Petitioner contends that the value of his lodging in Watergate East should be excluded under section 119. In order for petitioner to qualify for the section 119 exclusion, three conditions must be met:
(1) The lodging must be furnished on the business premises of the employer;
(2) The lodging must be furnished for the convenience of the employer; and
(3) The employee must be required to accept such lodging as a condition of his employment. Sec. 1.119-l(b), Income Tax Regs. The failure of petitioner to meet any one of these conditions will cause the value of his lodging to be included in gross income. William I. Olkjer, 32 T.C. 464 (1959); Gordon S. Dole, 43 T.C. 697 (1965), affd. per curiam 351 F.2d 308 (1st Cir. 1965). Respondent here contends that none of the three requirements for exclusion have been met.
Respondent first argues that petitioner’s apartment in Watergate East was not on the business premises of his employer. We disagree.

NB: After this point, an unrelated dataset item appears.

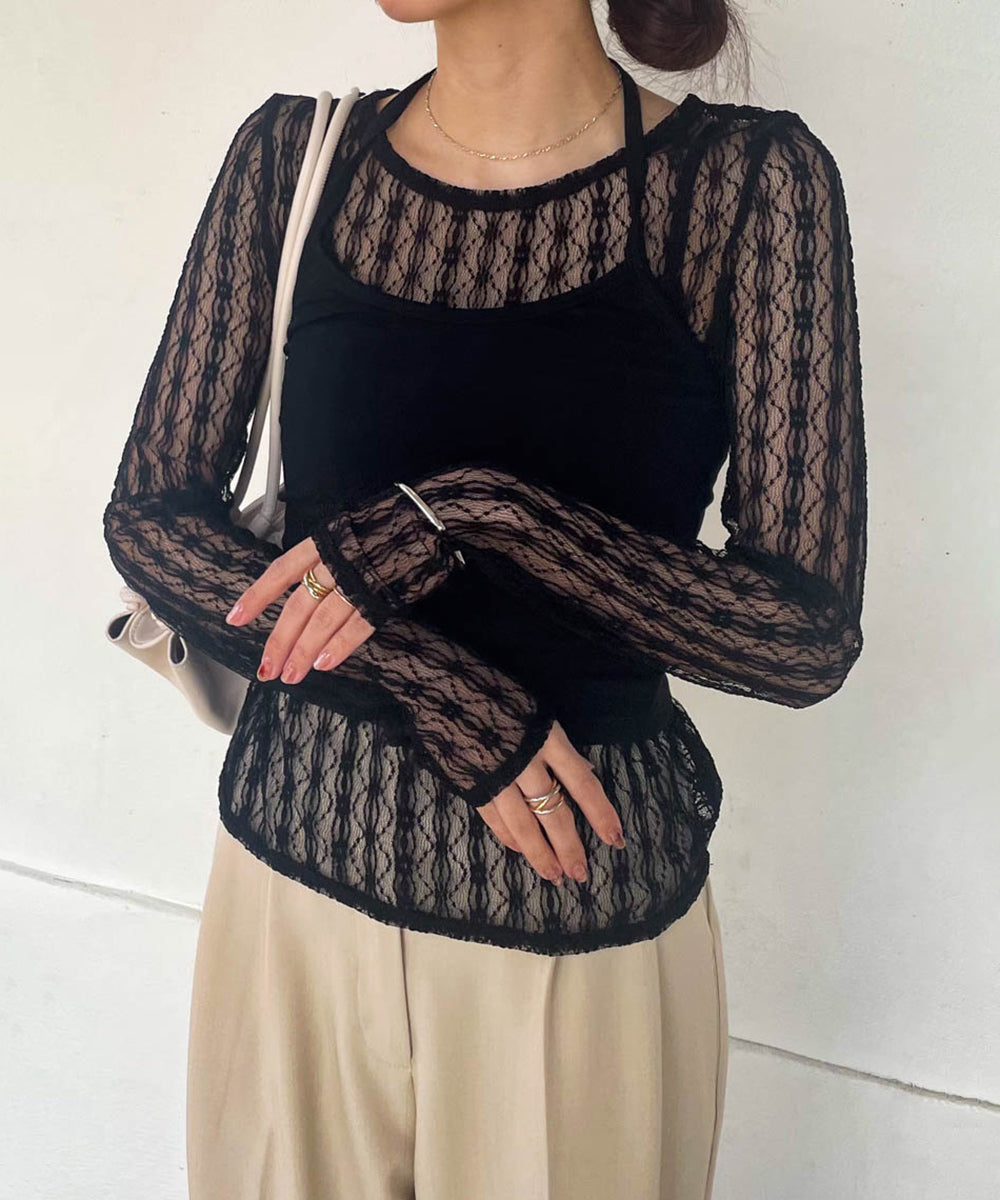 ｈalter neck cami + lace tops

We consider the instant case to be well within the ambit of our Court-reviewed decision in Jack B. Lindeman, 60 T.C. 609 (1973), acq. 1973-2 C.B. 2. In that case, the taxpayer was the general manager of an oceanfront hotel which was leased by his employer. In addition to the hotel site, taxpayer’s employer leased certain lots across the street from the hotel which were used for employee and guest parking, and a house adjacent to these lots in which the taxpayer resided. While the taxpayer’s customary working hours were 8 a.m. to 5 p.m., he was subject to call 24 hours a day, every day. Despite the fact that the lots and taxpayer’s residence were across a 50-foot wide public street from the hotel itself, we held that the taxpayer’s residence was “on the business” premises within the meaning of section 119.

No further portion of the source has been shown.